▸ **PROBLEM DETAILS**
The answer must be an exact transcription of the lines below from the first through the one containing "Broadwell Consulting Incorporated", with the pictures left out; please add nothing else.

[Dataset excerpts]
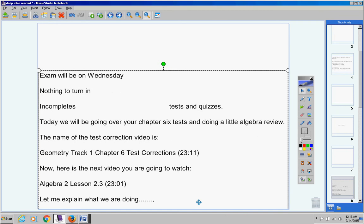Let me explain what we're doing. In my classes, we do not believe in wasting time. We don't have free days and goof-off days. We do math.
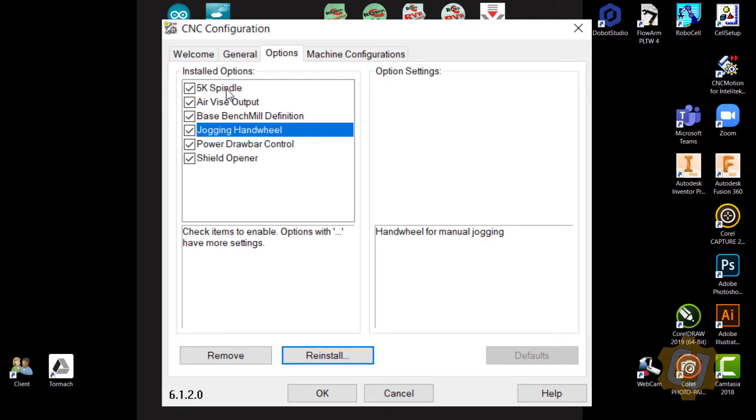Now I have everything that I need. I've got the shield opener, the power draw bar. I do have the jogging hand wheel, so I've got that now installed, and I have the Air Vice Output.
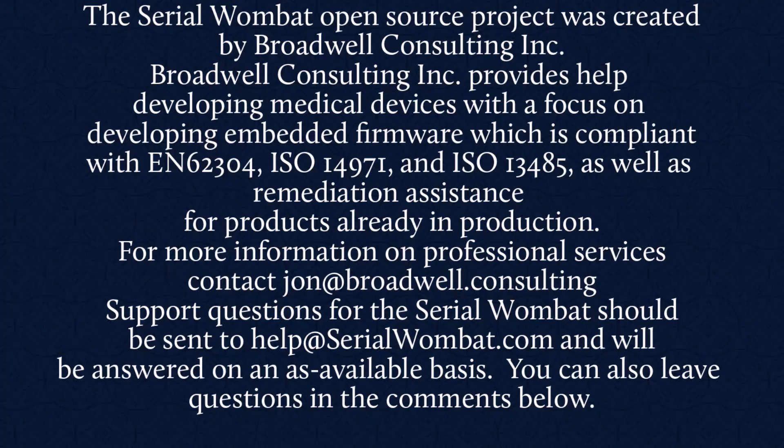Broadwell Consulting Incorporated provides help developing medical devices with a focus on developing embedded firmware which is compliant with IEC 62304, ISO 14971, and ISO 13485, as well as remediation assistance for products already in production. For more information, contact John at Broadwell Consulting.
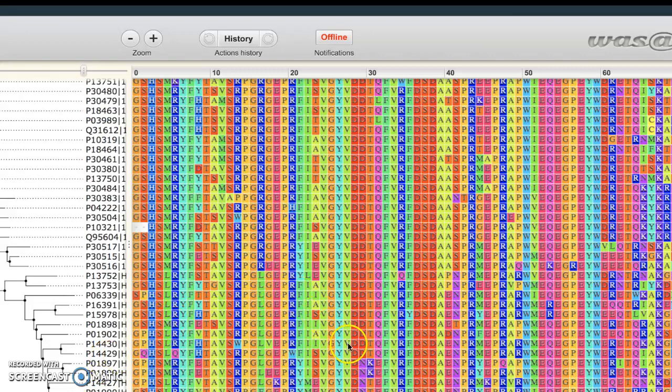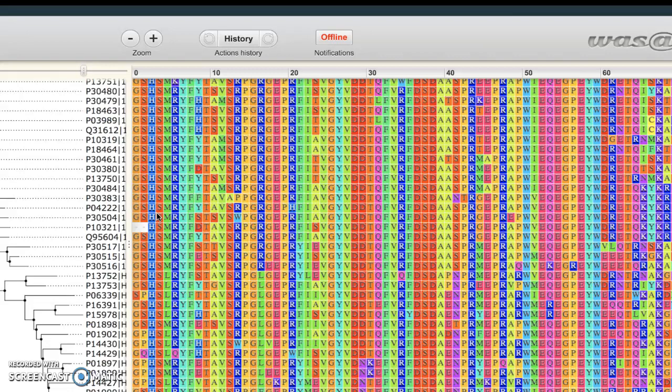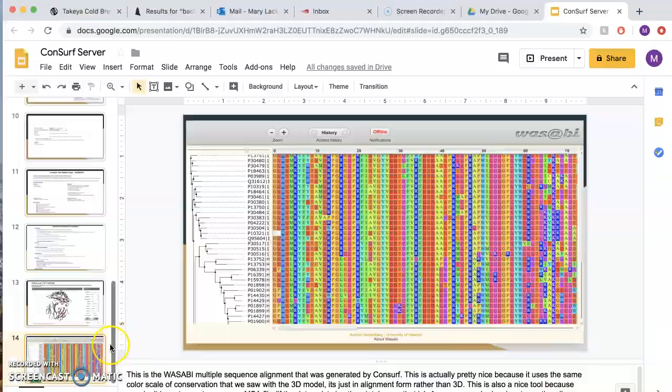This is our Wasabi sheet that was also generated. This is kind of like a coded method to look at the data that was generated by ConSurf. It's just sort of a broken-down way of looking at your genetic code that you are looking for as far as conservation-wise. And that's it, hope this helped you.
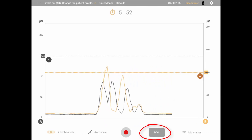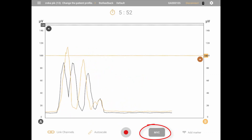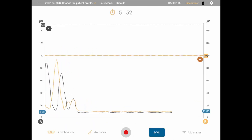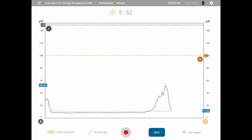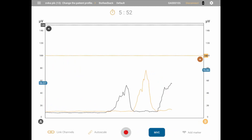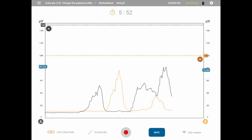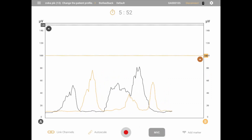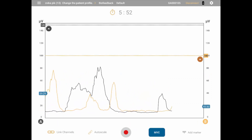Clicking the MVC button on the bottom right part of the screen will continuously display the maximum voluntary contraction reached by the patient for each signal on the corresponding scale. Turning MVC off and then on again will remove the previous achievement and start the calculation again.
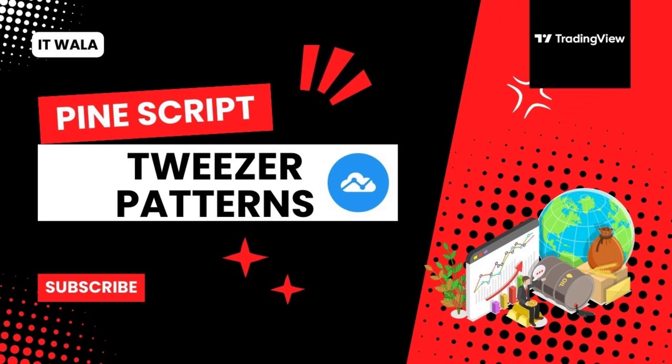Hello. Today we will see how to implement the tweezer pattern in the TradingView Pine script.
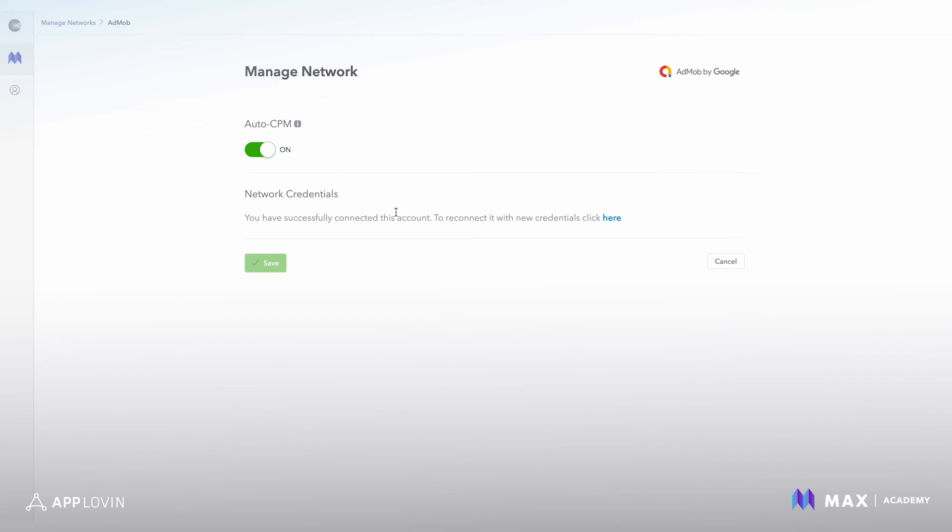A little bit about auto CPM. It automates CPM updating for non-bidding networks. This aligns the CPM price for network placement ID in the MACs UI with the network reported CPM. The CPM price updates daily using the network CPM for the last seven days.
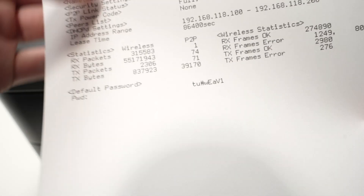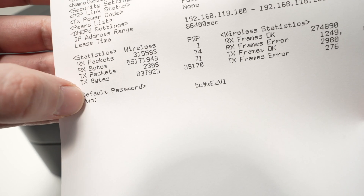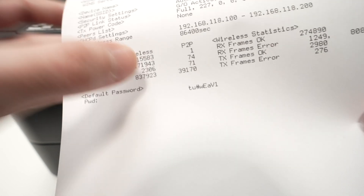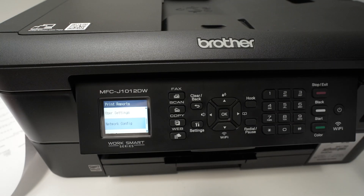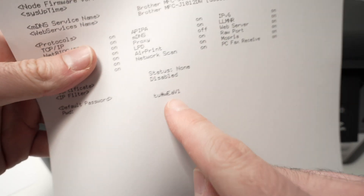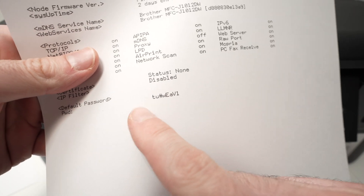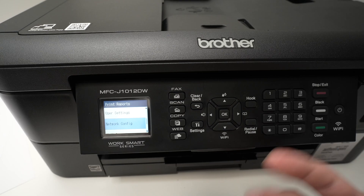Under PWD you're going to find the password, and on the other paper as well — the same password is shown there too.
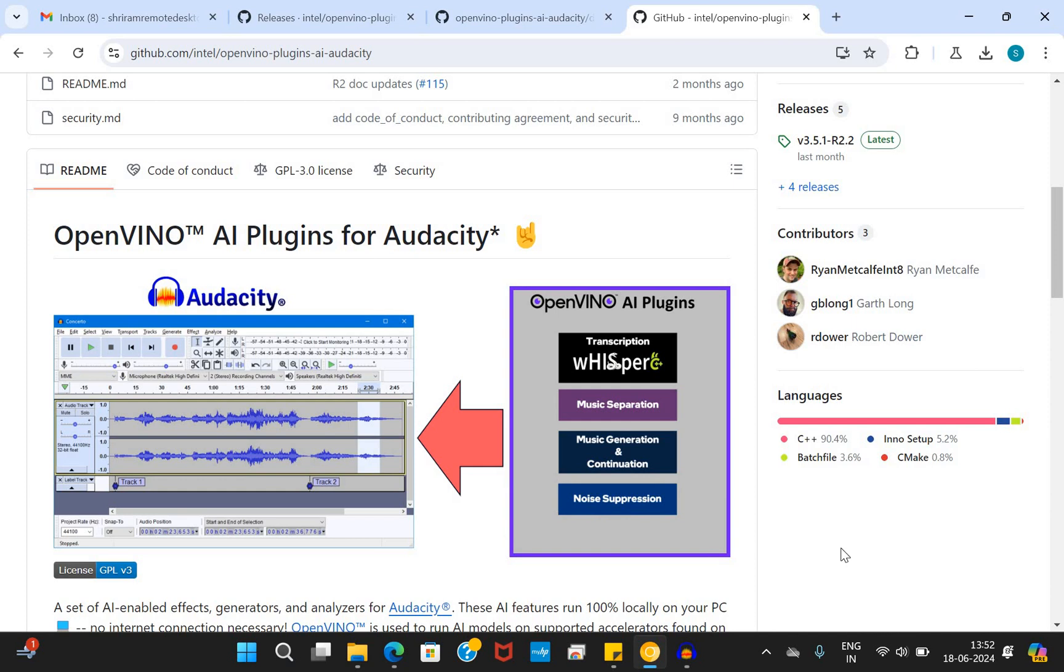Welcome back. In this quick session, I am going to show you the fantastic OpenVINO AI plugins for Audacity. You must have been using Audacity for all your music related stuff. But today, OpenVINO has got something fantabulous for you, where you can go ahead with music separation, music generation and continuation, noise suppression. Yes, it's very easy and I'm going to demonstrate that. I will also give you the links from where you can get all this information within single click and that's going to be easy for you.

▸ **EXERCISE SOLUTION**
Let me explain what we're doing. In my classes, we do not believe in wasting time. We don't have free days and goof-off days. We do math.
Now I have everything that I need. I've got the shield opener, the power draw bar. I do have the jogging hand wheel, so I've got that now installed, and I have the Air Vice Output.
Broadwell Consulting Incorporated provides help developing medical devices with a focus on developing embedded firmware which is compliant with IEC 62304, ISO 14971, and ISO 13485, as well as remediation assistance for products already in production. For more information, contact John at Broadwell Consulting.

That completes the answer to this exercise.